The first air space 29 is preferably, but not necessarily, provided with an inlet 6 or inlets 6 for solely drawing air into the first air space 29 from the outside of the shell structure 34.

The first air space 29 is preferably, but not necessarily, provided with an inlet 6 or inlets

6 for solely drawing air into the first air space 29 from the outside of the building 33.

The first air space 29 is preferably, but not necessarily, designed so that air is removed from the first air space 29 solely to the second air space 30.

The first air space 29 is preferably, but not necessarily, provided with a connecting channel 5 or connecting channels 5 for solely removing air from the first air space 29 to the second air space 30.
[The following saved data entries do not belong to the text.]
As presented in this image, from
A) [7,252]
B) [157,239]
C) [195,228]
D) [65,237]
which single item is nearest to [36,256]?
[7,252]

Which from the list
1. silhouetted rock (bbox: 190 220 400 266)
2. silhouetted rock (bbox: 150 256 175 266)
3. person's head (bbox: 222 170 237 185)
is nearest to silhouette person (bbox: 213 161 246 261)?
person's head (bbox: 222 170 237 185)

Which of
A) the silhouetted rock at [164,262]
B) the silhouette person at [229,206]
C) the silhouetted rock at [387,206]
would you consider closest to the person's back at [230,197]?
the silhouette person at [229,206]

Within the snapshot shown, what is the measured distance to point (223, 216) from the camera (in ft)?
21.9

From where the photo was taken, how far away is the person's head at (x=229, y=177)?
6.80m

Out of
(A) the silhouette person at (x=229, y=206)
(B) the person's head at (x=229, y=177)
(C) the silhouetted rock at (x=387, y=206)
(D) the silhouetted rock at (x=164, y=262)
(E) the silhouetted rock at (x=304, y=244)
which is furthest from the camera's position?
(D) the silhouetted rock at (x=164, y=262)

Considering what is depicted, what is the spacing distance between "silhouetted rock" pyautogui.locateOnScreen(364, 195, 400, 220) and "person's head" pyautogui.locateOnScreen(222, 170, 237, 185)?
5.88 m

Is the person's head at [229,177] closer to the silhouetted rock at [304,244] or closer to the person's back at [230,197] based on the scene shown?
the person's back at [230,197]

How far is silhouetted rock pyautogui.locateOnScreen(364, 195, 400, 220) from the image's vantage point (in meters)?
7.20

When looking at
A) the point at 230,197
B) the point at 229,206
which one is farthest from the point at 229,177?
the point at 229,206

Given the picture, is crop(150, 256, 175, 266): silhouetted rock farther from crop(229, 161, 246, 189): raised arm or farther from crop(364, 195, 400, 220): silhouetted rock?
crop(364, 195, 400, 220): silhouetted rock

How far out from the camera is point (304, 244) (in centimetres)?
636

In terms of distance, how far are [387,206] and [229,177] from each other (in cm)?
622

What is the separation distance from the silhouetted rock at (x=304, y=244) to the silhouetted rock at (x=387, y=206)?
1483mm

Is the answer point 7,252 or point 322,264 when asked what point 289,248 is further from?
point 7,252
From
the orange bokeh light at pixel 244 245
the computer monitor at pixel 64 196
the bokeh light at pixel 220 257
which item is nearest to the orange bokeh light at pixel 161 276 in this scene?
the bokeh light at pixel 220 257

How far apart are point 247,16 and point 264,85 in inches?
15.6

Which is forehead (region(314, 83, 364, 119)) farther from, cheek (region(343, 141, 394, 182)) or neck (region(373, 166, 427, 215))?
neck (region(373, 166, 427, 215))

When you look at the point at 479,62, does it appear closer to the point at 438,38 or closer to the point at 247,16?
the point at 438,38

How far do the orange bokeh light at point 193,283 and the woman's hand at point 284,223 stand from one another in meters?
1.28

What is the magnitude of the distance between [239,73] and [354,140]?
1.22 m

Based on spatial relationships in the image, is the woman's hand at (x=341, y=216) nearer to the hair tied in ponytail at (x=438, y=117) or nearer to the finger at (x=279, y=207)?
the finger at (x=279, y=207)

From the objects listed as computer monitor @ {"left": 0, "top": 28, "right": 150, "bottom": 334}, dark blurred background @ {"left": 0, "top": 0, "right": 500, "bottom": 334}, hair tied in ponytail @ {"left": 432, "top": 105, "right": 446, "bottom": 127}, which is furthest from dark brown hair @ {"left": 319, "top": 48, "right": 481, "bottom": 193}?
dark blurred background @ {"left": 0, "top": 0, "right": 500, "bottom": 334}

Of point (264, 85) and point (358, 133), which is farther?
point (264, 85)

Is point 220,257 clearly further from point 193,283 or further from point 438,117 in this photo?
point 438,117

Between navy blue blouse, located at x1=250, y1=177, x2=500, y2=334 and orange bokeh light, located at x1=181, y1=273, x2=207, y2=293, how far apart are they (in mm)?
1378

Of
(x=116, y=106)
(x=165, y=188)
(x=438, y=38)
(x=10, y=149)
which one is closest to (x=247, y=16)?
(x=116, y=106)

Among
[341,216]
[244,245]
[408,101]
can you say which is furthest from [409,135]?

The second air space 30 is preferably, but not necessarily, designed so that air is drawn into the second air space 30 solely from the first air space 29.

The second air space 30 is preferably, but not necessarily, provided with a connecting channel 5 or connecting channels 5 for solely drawing air into the second air space 30 from the first air space 29.
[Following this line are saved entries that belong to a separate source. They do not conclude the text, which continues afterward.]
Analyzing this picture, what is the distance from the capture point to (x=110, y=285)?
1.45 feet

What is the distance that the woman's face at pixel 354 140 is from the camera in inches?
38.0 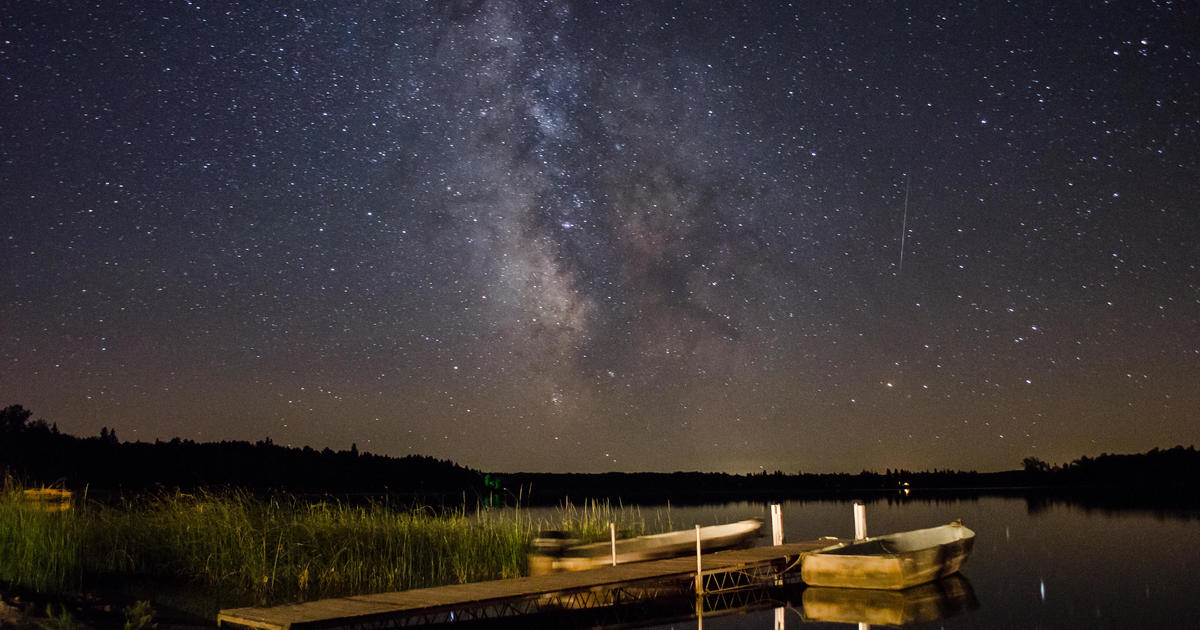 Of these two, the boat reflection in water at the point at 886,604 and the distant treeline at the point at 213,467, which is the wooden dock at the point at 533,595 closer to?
the boat reflection in water at the point at 886,604

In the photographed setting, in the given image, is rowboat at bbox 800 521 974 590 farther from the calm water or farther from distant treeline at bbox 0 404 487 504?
distant treeline at bbox 0 404 487 504

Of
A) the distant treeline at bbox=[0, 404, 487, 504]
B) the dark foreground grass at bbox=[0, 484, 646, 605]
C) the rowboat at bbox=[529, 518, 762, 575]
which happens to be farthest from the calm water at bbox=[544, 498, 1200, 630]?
the distant treeline at bbox=[0, 404, 487, 504]

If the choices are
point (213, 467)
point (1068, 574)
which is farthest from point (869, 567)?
point (213, 467)

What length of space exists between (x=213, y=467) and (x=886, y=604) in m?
73.2

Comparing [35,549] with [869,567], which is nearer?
[35,549]

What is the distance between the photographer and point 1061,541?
30.8 meters

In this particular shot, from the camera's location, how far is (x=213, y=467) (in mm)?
77562

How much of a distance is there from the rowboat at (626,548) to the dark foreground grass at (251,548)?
144 centimetres

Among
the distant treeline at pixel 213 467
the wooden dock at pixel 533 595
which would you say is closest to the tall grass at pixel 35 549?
the wooden dock at pixel 533 595

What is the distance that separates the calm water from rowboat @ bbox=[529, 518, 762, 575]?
3.16 m

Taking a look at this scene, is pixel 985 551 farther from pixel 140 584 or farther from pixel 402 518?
pixel 140 584

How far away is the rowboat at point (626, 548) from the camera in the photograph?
1616 centimetres

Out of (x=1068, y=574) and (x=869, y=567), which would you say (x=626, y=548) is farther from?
(x=1068, y=574)

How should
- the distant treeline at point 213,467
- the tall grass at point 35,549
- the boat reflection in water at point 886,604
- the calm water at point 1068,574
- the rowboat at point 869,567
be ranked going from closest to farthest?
the boat reflection in water at point 886,604 < the tall grass at point 35,549 < the calm water at point 1068,574 < the rowboat at point 869,567 < the distant treeline at point 213,467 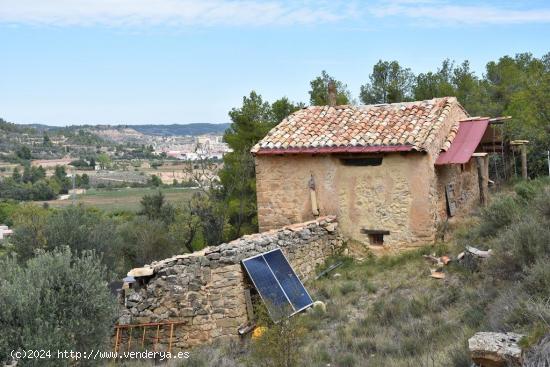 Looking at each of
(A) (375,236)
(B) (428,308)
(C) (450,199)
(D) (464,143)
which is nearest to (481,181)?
(C) (450,199)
The second air space 30 is preferably, but not necessarily, designed so that air is removed from the second air space 30 solely to the outside of the shell structure 34.

The second air space 30 is preferably, but not necessarily, designed so that air is removed from the second air space 30 solely to the outside of the building 33.
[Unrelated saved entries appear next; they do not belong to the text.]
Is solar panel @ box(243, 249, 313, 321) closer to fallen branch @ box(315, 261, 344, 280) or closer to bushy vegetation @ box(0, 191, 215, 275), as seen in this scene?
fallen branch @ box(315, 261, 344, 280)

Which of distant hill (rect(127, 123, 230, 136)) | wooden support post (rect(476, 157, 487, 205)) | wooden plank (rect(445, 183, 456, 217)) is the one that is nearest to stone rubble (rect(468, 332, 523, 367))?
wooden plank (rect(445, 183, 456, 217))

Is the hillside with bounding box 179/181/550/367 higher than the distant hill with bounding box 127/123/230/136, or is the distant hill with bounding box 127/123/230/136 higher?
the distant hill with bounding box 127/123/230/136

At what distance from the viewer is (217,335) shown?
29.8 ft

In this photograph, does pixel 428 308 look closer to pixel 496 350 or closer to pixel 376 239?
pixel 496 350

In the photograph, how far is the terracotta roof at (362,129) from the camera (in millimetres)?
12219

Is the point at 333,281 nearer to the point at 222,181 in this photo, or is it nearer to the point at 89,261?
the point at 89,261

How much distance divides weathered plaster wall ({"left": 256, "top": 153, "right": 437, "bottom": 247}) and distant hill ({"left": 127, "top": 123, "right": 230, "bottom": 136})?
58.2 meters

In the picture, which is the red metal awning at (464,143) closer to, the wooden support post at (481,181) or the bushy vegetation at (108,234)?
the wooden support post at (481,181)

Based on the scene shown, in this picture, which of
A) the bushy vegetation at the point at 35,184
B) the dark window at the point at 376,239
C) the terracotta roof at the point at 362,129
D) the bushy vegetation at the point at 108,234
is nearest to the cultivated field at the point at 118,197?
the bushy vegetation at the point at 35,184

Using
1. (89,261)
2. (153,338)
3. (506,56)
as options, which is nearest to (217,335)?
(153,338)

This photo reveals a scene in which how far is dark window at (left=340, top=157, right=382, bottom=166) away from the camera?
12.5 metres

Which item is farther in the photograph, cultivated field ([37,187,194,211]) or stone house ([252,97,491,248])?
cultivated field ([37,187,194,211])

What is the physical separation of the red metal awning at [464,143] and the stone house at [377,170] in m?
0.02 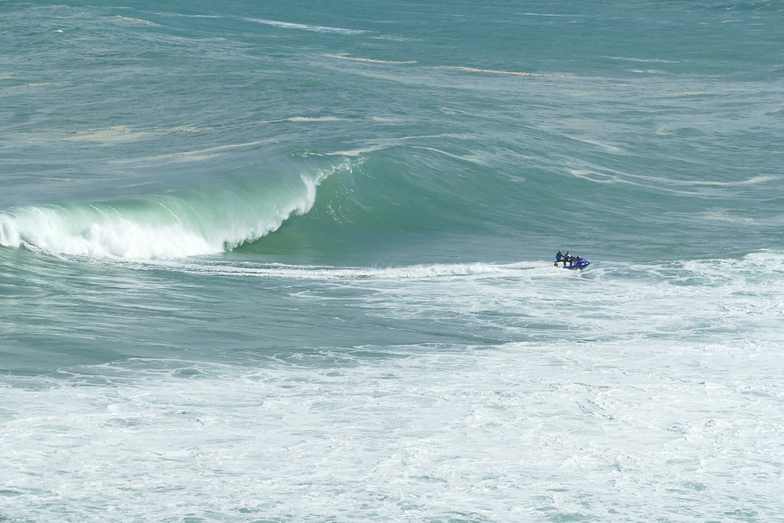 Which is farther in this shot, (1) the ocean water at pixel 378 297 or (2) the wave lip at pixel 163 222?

The second air space 30 is preferably, but not necessarily, provided with an outlet 7 or outlets 7 for solely removing air from the second air space 30 to the outside of the shell structure 34.

The second air space 30 is preferably, but not necessarily, provided with an outlet 7 or outlets 7 for solely removing air from the second air space 30 to the outside of the building 33.

The second air space 30 can also, but not necessarily, provided with an outlet 7 or outlets

7 for solely removing air from the second air space 30 to the inside of the building 33. In such case the outlet 7 or the outlets 7 are preferably, but not necessarily, provided with filtering means (not shown) for removing impurities from the air before the air enters the inside of the building.

The first air space 29 is preferably, but not necessarily, divided into several separate first air channels 2 which are essentially parallel and which are in contact with the first sheet 1 for exchanging thermal energy between air flowing in the several separate first air channels 2 and the first sheet 1.

The second air space 30 is preferably, but not necessarily, divided into several separate second air channels 3 which are essentially parallel and which are in contact with the heat accumulating material 4 for exchanging thermal energy between air flowing in the several separate second air channels 3 and the heat accumulating material 4.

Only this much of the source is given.